First my simple database:
CREATE DATABASE Testdb;
CREATE TABLE `Clients` (
`IP` varchar(15) DEFAULT NULL,
`Created` datetime DEFAULT NULL,
`Expiry` datetime DEFAULT NULL,
`LastAccess` timestamp NOT NULL DEFAULT CURRENT_TIMESTAMP ON UPDATE CURRENT_TIMESTAMP, UNIQUE KEY `ipidx` (`IP`)

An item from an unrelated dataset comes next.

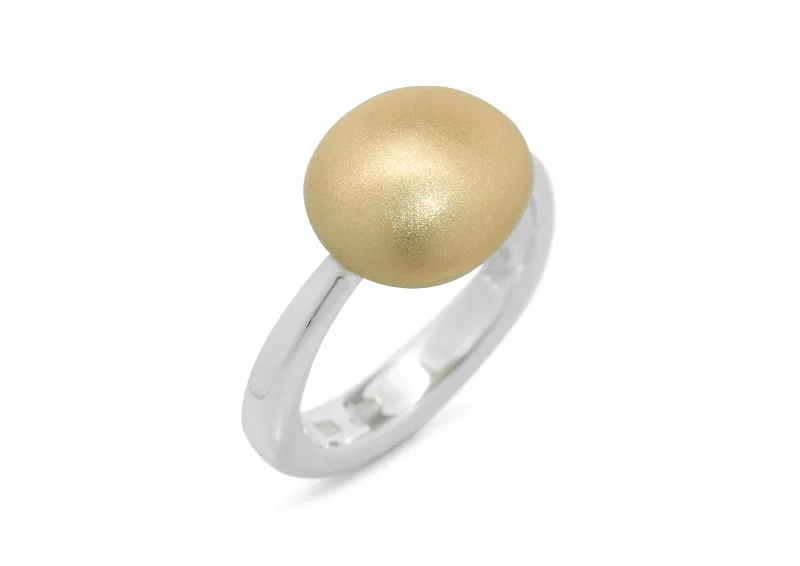 Best Jewelry Deals – Shop Premium Pieces At Great Prices Bi-Tone Button Ring, Yellow Gold & Sterling Silver Best Jewelry Deals – Shop Premium Pieces At Great Prices Bi-Tone Button Ring, Yellow Gold & Sterling Silver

) ENGINE=InnoDB DEFAULT CHARSET=latin1;
And the redirect.php:
<!DOCTYPE html >
<html>
<head>
<title></title>
</head>
<body>
<?php
$ClientIPAddr = filter_var($_SERVER["REMOTE_ADDR"], FILTER_VALIDATE_IP);
$sqlQuery = "";
if (($ClientIPAddr === FALSE) || ($ClientIPAddr === NULL)) {
echo "Failed to obtain client IP [" . $_SERVER["REMOTE_ADDR"] . "]";
exit;
}
Database query / insert:
$mysqli = new mysqli("<database ip>", "dbuser", "dbpass", "Testdb");
if ($mysqli->connect_errno) {
echo "Failed to connect to MySQL: " . $mysqli->connect_error;
exit;
} else {
echo "Connected (" . $mysqli->server_info . ")<br />";
}
echo "Now for a query on " . $ClientIPAddr . ":<br />";
// Check to see if IP is in database and has not expired
$sqlQuery = "SELECT IP, TIMEDIFF(Expiry, now()) from Clients where IP=\"" . $ClientIPAddr . "\";";
if (($result = $mysqli->query($sqlQuery)) === FALSE) {
echo "Query Error (" . $mysqli->error . ") on (" . $sqlQuery . ")<br />";
exit;
} else {
echo "<h2>Query Result(" . $result->num_rows . "):</h2>";
echo "<table>";
while (($row = $result->fetch_array(MYSQLI_NUM)) !== NULL) {
echo "<tr>";
foreach ($row as $value) {
echo "<td>" . $value . "</td>";
}
echo "</tr>";
}
echo "</table>";
echo "<h1>Welcome to my Test Page</h1>";
if ($result->num_rows === 0) {
echo "<p>New(" . $result->num_rows . "): " . $ClientIPAddr . "</p>";
echo "<p>You now have full Internet access.</p>";
} else {
echo "<p>Returning(" . $result->num_rows . "): " . $ClientIPAddr . "</p>";
echo "<p>Your Internet access has been extended.</p>";
}
$result->free();
$sqlQuery = "INSERT INTO Clients (IP, Created, Expiry) VALUES (\"" . $ClientIPAddr . "\", now(),
timestampadd(hour, 24, now())) ON DUPLICATE KEY UPDATE Expiry=timestampadd(hour, 24, now());";
if (($result = $mysqli->query($sqlQuery)) === FALSE) {
echo "Query Error (" . $mysqli->error . ") on (" . $sqlQuery . ")<br />";
exit;
} else {
Add IP to ipset to authorize Internet access:
// **************** UPDATE IPSET *****************
//ssh2_connect, ssh2_fingerprint, ssh2_auth_pubkey_file, ssh2_auth_password, ssh2_exec
if (($sshConnect = ssh2_connect("<GW IP>")) === FALSE) {
$err = error_get_last();
echo $err["message"];
exit;
}
if (ssh2_auth_pubkey_file($sshConnect, "root", "/usr/share/nginx/rsa.pub", "/usr/share/nginx/rsa") === FALSE) {
$err = error_get_last();
echo $err["message"];
exit;
}
if (($stream = ssh2_exec($sshConnect, "ipset add ip_whitelist " . $ClientIPAddr)) === FALSE) {
$err = error_get_last();
echo $err["message"];
exit;
}
$stderr_stream = ssh2_fetch_stream($stream, SSH2_STREAM_STDERR);
if ((stream_set_blocking($stream, true) === FALSE) ||
(stream_set_blocking($stderr_stream, true) === FALSE)) {
$err = error_get_last();
echo $err["message"];
exit;
}
if (($resultStr = stream_get_contents($stream)) === FALSE) {
$err = error_get_last();
echo $err["message"];
exit;
}
if ($resultStr === "") { // Likely an error
if (($resultStr = stream_get_contents($stderr_stream)) === FALSE) {
$err = error_get_last();
echo $err["message"];
exit;
}
}
echo "<pre>" . $resultStr . "</pre>";
}
}
$mysqli->close();
?>
</body>
</html>
As you can see this is very rough. However it does hit all the functions I need. I hope this proved useful to someone else.